Oluo, a Seattle-based writer, has written an important, compelling and timely introduction to a wide range of issues concerning racism in America. Some of Oluo’s most powerful points concern racial disparities in treatment by the police. Consider the following: “My fear, as a black driver, is real. The fact that black drivers are 23 percent more likely to be pulled over than white drivers . . . and more likely to be ticketed and arrested in those stops . . . also leads to a 3.5-4 times higher probability that black people will be killed by cops. . . .” You may not agree with all of Oluo’s arguments, but you will probably feel some of your assumptions challenged, and you'll come away with many insights relevant to your daily thoughts and actions.
You don't have to be a Monty Python fan like me to enjoy this autobiography by one of its members, though it would at least prepare you for the zany humor you'll encounter here. The title of the book is from a song that first appeared in the Pythons' movie, Life of Brian. Idle explains how the wacky Python members began collaborating in the 1960s, and narrates the development of their hit TV series, their Holy Grail and Meaning of Life movies, and the musical Spamalot. He also relates some wonderful adventures that he's had with famous friends like George Harrison and Robin Williams. Eric Idle is a brilliant and frequently hilarious writer.

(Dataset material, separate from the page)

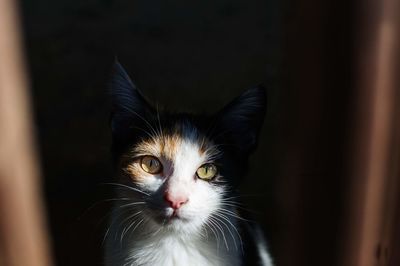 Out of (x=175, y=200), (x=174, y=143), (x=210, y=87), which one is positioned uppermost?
(x=210, y=87)

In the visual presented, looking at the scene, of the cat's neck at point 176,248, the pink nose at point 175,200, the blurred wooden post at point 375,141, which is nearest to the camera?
the blurred wooden post at point 375,141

Although the Myers-Briggs Type Indicator (MBTI) has been used by many large organizations, it is a deeply flawed and unreliable source of genuine insights about individual personalities. Merve Emre provides here a fascinating narrative about the origins of MBTI through lively biographies of its primary creators.

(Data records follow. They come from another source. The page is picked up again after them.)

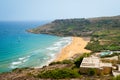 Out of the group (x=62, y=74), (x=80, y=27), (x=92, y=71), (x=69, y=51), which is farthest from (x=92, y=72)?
(x=80, y=27)

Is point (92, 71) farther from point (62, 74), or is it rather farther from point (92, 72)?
point (62, 74)

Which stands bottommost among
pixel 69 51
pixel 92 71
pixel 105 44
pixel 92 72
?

Vanderbilt historian Jon Meacham previously published biographies of American presidents, and is often recruited to offer commentary on TV about current events. Impressed with his wisdom and eloquence, I hoped that this book would alleviate my despair about the current state of American politics. I was not disappointed. Meacham is no Pollyanna: he reminds us that popular prejudices (often fed by demagogic leaders) have impeded moral progress throughout our nation's history. But he also marshalls extensive evidence of the ability of the American "soul" to recognize and repair its flaws, and quotes Harry Truman in support, "The people have often made mistakes, but given time and the facts, they will make the corrections." Meacham urges us to be politically active and to resist tribalism, respect facts, deploy reason, find a critical balance, and keep history in mind. His book helps us to do all of those things.
Months before the revelations about Trump's attempts to extort political favors from Ukraine to embarrass his likely 2020 rival Joe Biden, this report laid out in impressive detail the shocking extent of connections between Trump and Russian interference in our 2016 election. Robert Mueller's report helps enormously to document the most corrupt presidential campaign and administration in our nation's history.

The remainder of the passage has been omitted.